> _The task_
Could you return every record below word for word, leaving out the pictures?

> _Given information_
^^^^^^^^

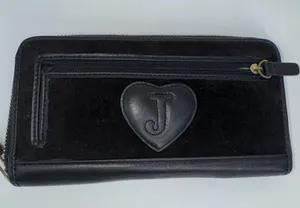 RARE NEW Y2K Original Juicy Couture Black Velour Scottie Dog Long Wallet 8" NWOT thumbnail 4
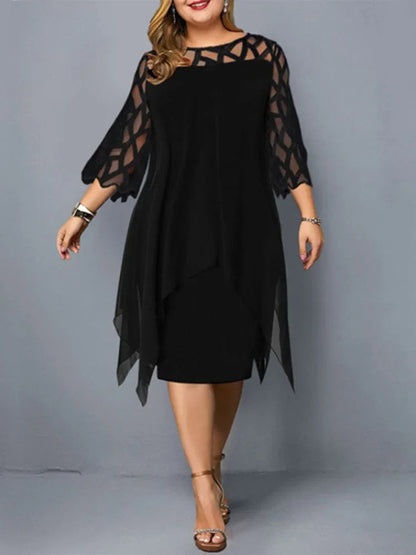Femme Robe Mi-longue Plus Size Manches Trois-quarts avec Décolleté Ajouré et Ourlet Asymétrique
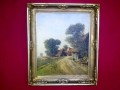 Obraz olejny Jean Coune WIEJSKI KRAJOBRAZ Z KURAMI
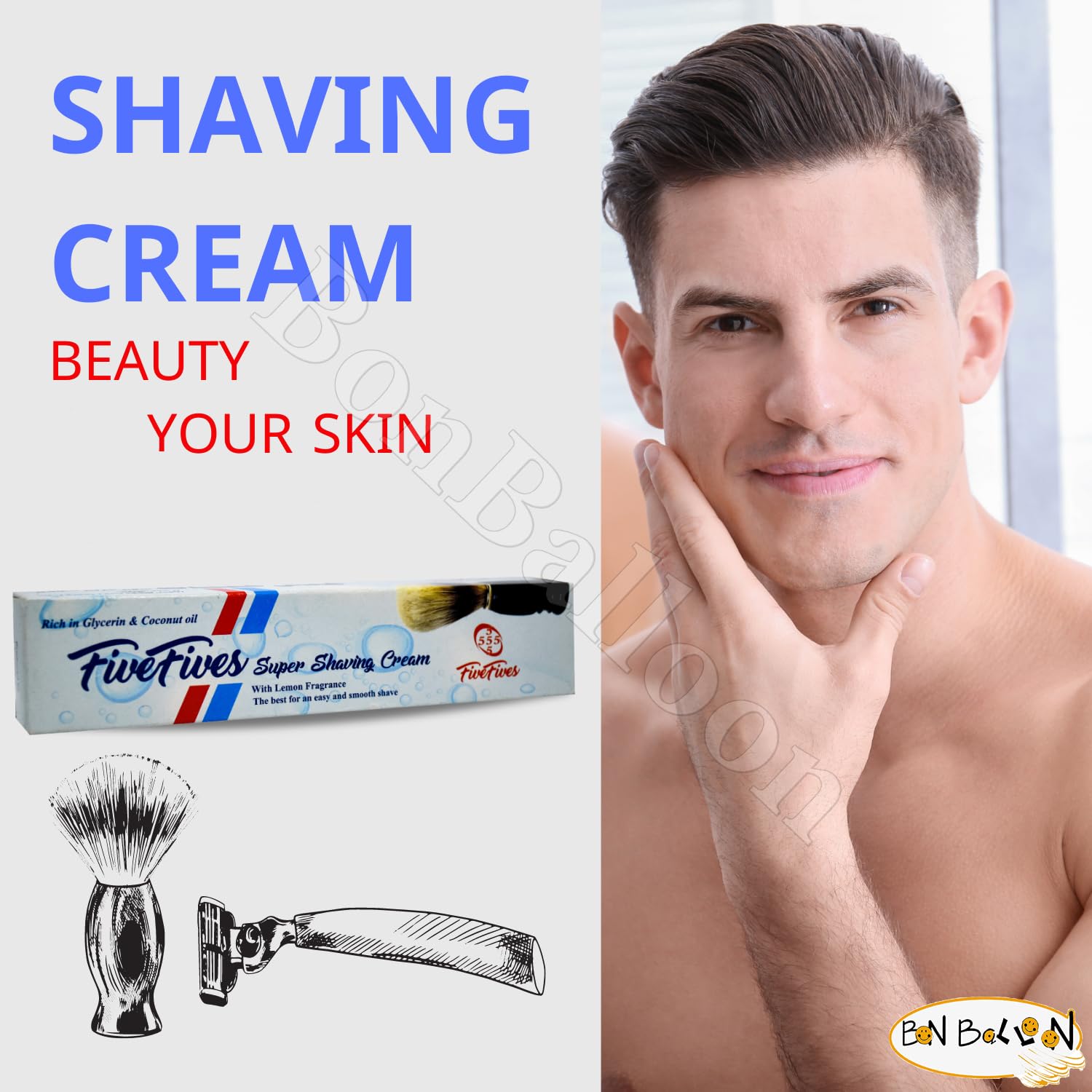 Bonballoon Five Fives - Crema da barba fresca 55555, ogni tubetto da 50 g, olio di cocco con glicerina, per una rasatura più morbida e rasata, 55555, Fabricad 50 g (confezione da 3)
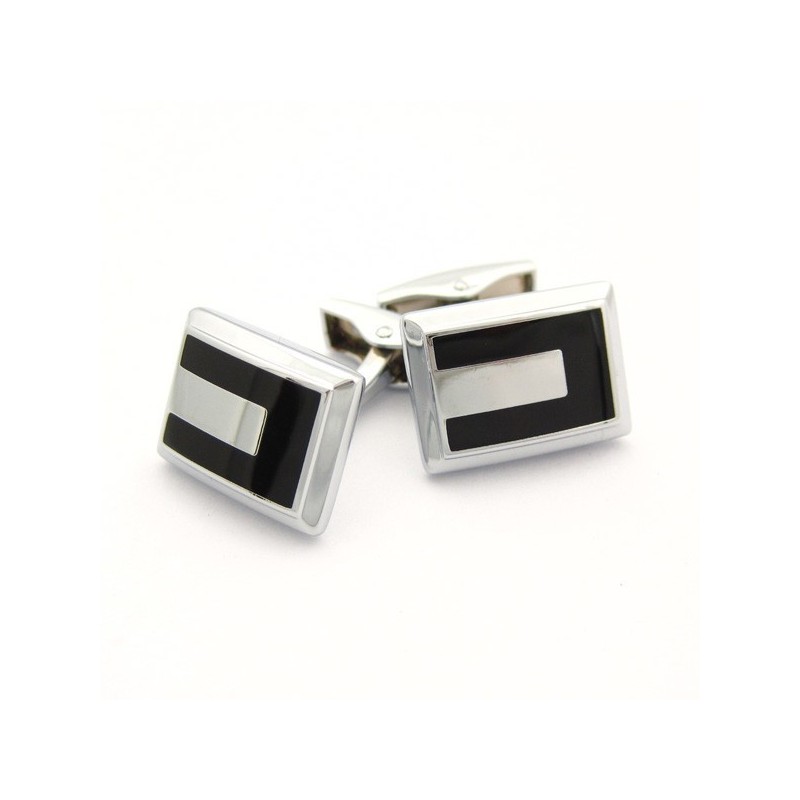 Fashion Tridimensional Titanium And Black Plated Cufflinks Fashion Tridimensional Titanium And Black Plated Cufflinks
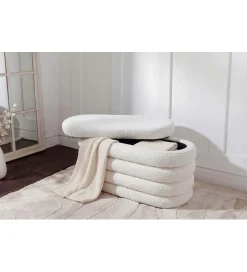 Invicta Interior Pufa VOGUE 85 cm z schowkiem boucle białe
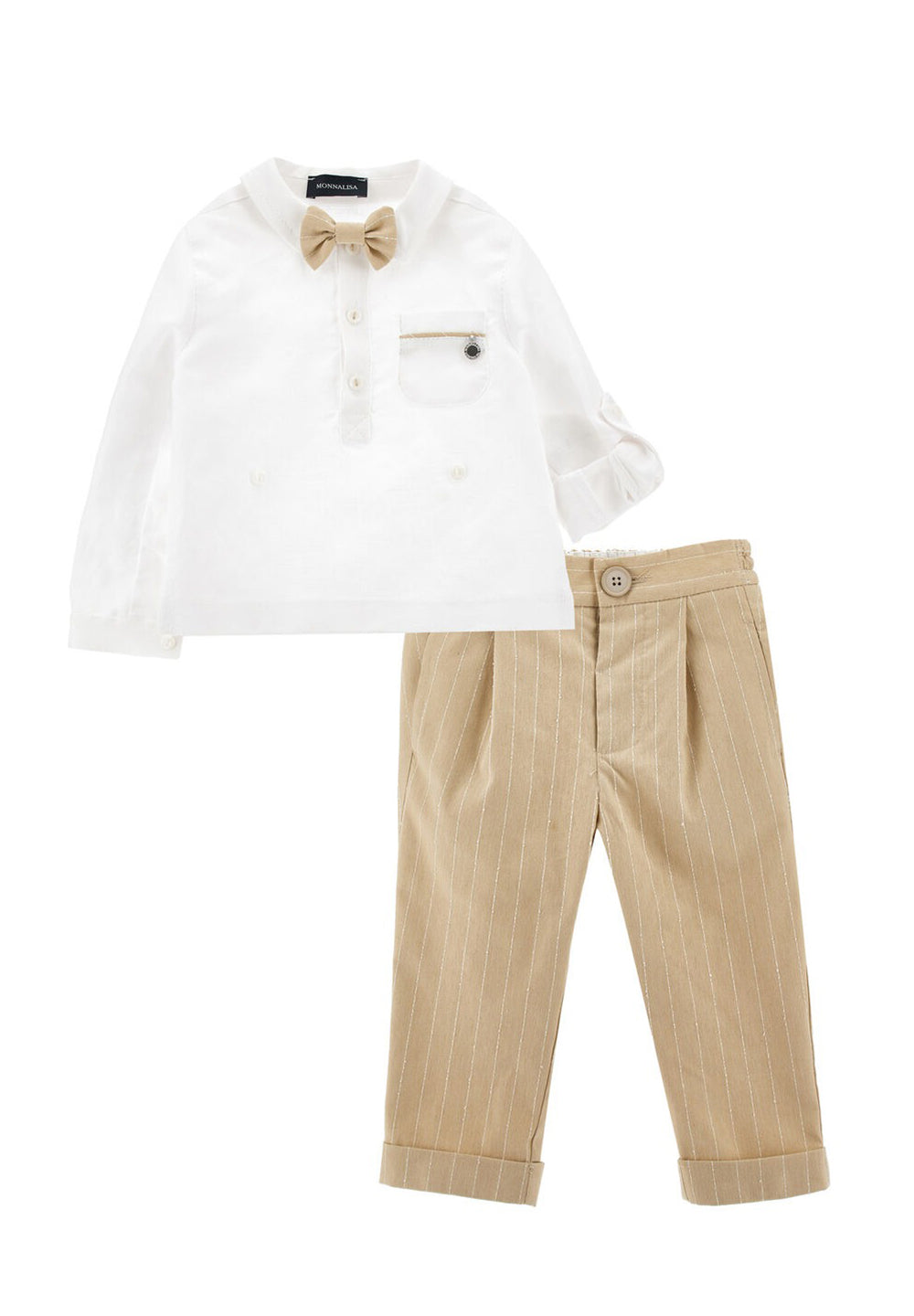Ensemble blanc et beige pour nouveau-né fille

^^^^^^^^

> _Answer_
 RARE NEW Y2K Original Juicy Couture Black Velour Scottie Dog Long Wallet 8" NWOT thumbnail 4
Femme Robe Mi-longue Plus Size Manches Trois-quarts avec Décolleté Ajouré et Ourlet Asymétrique
 Obraz olejny Jean Coune WIEJSKI KRAJOBRAZ Z KURAMI
 Bonballoon Five Fives - Crema da barba fresca 55555, ogni tubetto da 50 g, olio di cocco con glicerina, per una rasatura più morbida e rasata, 55555, Fabricad 50 g (confezione da 3)
 Fashion Tridimensional Titanium And Black Plated Cufflinks Fashion Tridimensional Titanium And Black Plated Cufflinks
 Invicta Interior Pufa VOGUE 85 cm z schowkiem boucle białe
Ensemble blanc et beige pour nouveau-né fille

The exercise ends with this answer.